(Crawled caption data)
--

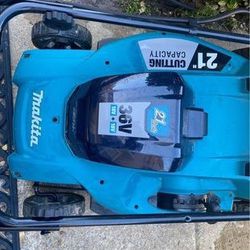 Makita batteries, Charger And Lawn Mower 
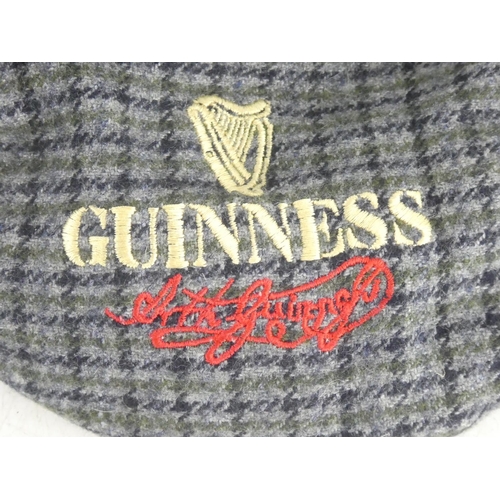 82 - A Guinness tartan cap.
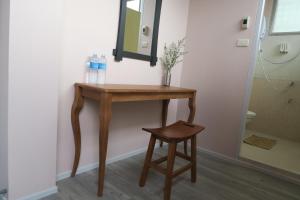 a wooden table and stool in a bathroom with a mirror at The Grand Palace Hotel in Bangkok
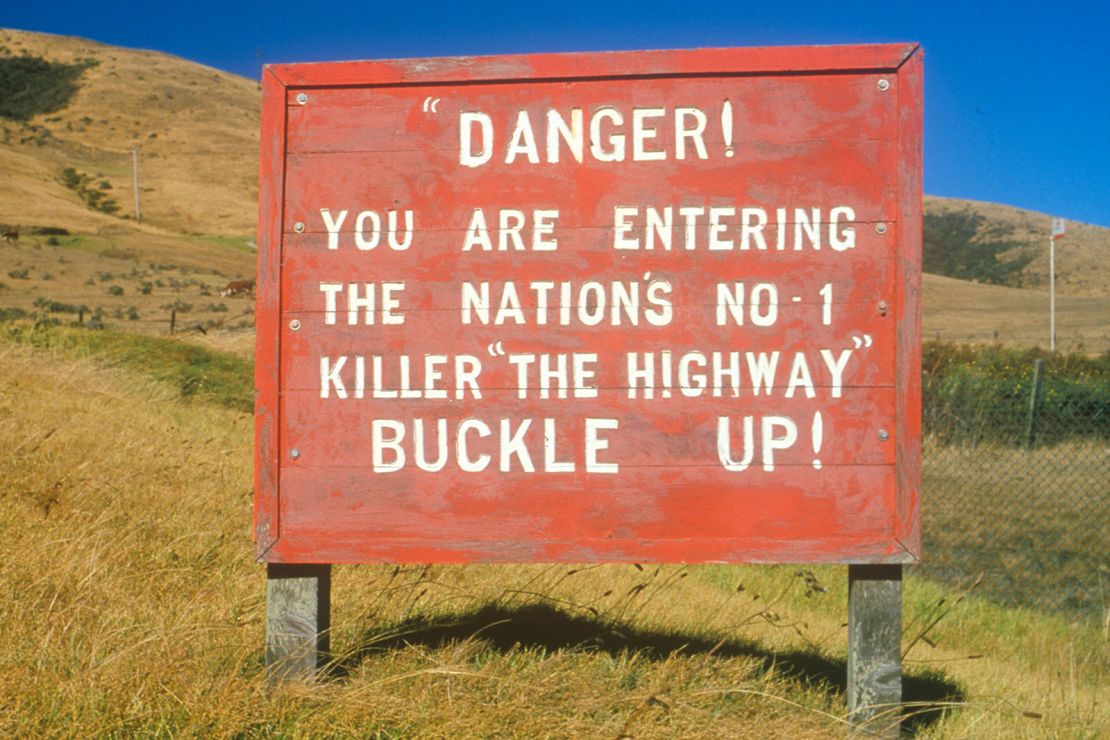 A road sign warns drivers to wear their seat belt. 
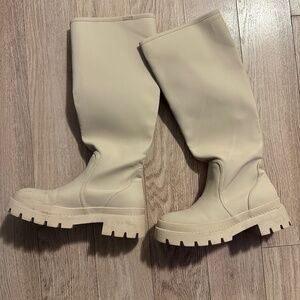 Knee high combat boots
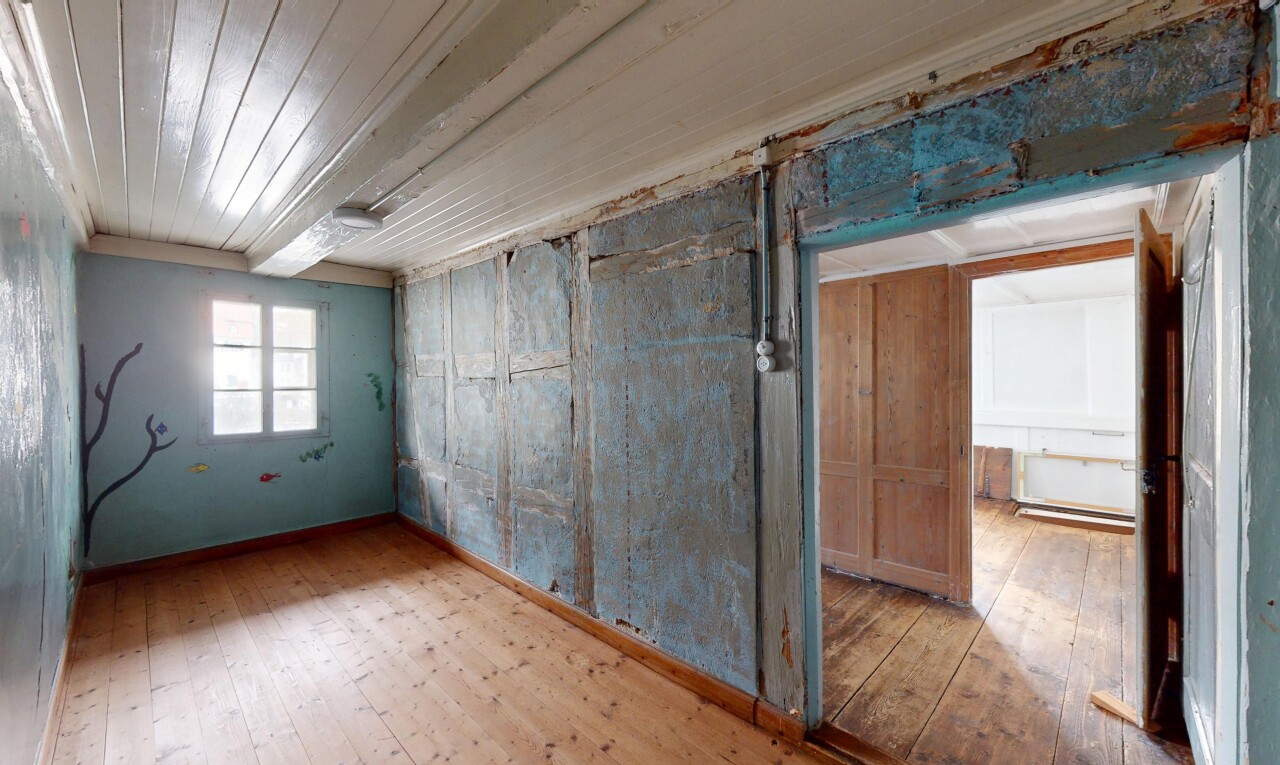 pièce vide avec lumière naturelle, plafond en bois, et sol en finition bois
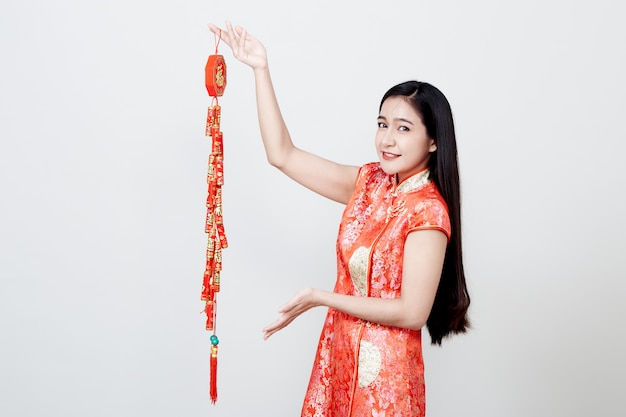 Mooi meisje in rode cheongsam die voetzoekers houden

--

*HOW TO COMPLETE THIS TASK:*
Exactly the lines from the one containing "a wooden table" to the final line of the entries are wanted; please write them out, both ends included, but not the pictures.

*TASK RESPONSE:*
 a wooden table and stool in a bathroom with a mirror at The Grand Palace Hotel in Bangkok
 A road sign warns drivers to wear their seat belt. 
 Knee high combat boots
 pièce vide avec lumière naturelle, plafond en bois, et sol en finition bois
 Mooi meisje in rode cheongsam die voetzoekers houden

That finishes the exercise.